Five days after that moment on the Rhine, with the war underway, Billy received a telegram from the British consul in Cologne, warning of “strained relations between His Majesty’s Government and Germany” and suggesting he leave the country immediately.
He had booked his return on another Hamburg-American liner sailing for New York in the first week of September. But waiting that long was risky. And he couldn’t afford to be caught aboard a German-flagged ship if England declared war (which it did on Sept. 3). According to the Nuremberg racial laws he was a German. The Nazis wouldn’t recognize his British passport in time of war; he would owe the same duty to the Fatherland as anyone else. Which meant military service or a one-way ticket to Dachau.
He decided to aim for Rotterdam, in the Netherlands, and a Holland America ship. His train from Frankfurt was oversold. The mood on the platform was near hysteria: In a few hours Britain would declare war on Germany. He said goodbye to his parents, in English. Bobs was concerned the German border police would board the train as it approached the frontier and take Billy off, but he reached Rotterdam safely. After three fraught weeks, he was able to get passage on a ship for New York. Reaching Montreal, he immediately applied for a commission in the Royal Canadian Navy. He was turned down for being “too German.”
My father did not hear from his parents for years, didn’t know they were still alive until a friend serving in the Canadian Army found them living in the rubble of Frankfurt in 1945.

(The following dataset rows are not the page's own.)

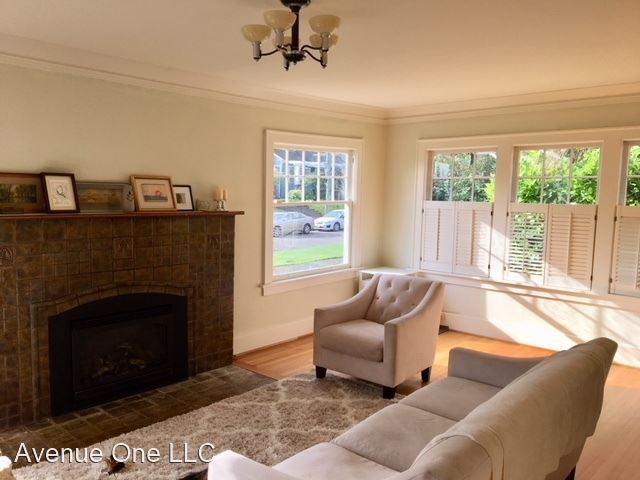 874 E Gwinn Pl - Photo 3 of 19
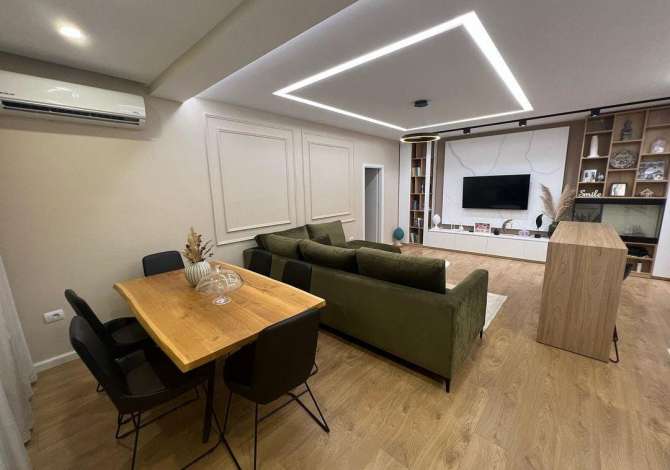  The house is located in Tirana the "Fresku/Linze" area and is 3.35 km 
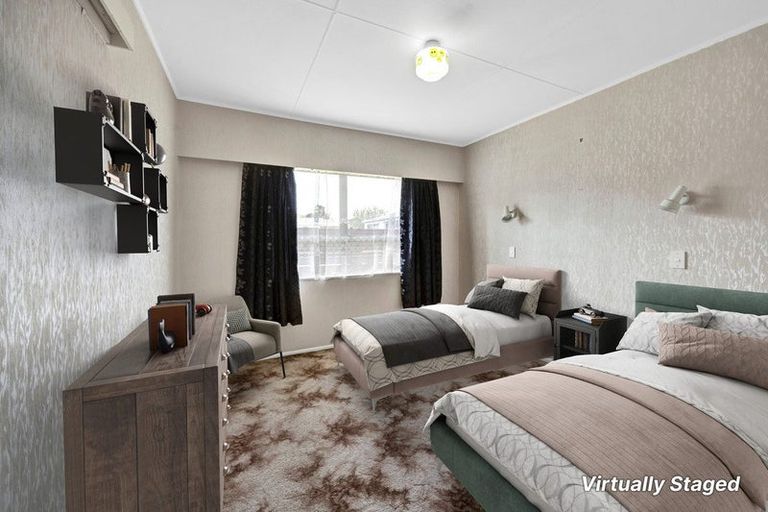 Photo of property in 206 Waihi Road, Hawera, 4610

My grandparents were not Jews. Nothing else in their story probably mattered more than this: They weren’t Jews. They’d bartered their English shoes and silver picture frames for potatoes, their city had fallen down around them, but they were alive.
Decades later I was with my father in a hospital room in Montreal. He was dying, and slipping in and out of a coma. No one had shaved him or combed his hair in a couple of days and he wore one of those demeaning hospital johnnies. He looked pretty wild. Every now and then he’d start climbing out of bed. Then he’d calm down and, sounding very lucid, ask me to fetch his suit out of the closet, and his shoes, and help him get dressed, quickly. Properly dressed, because the last train was leaving for Rotterdam, and he had to get himself aboard, and across the frontier.
Peter Behrens is the author, most recently, of the novel “Carry Me.”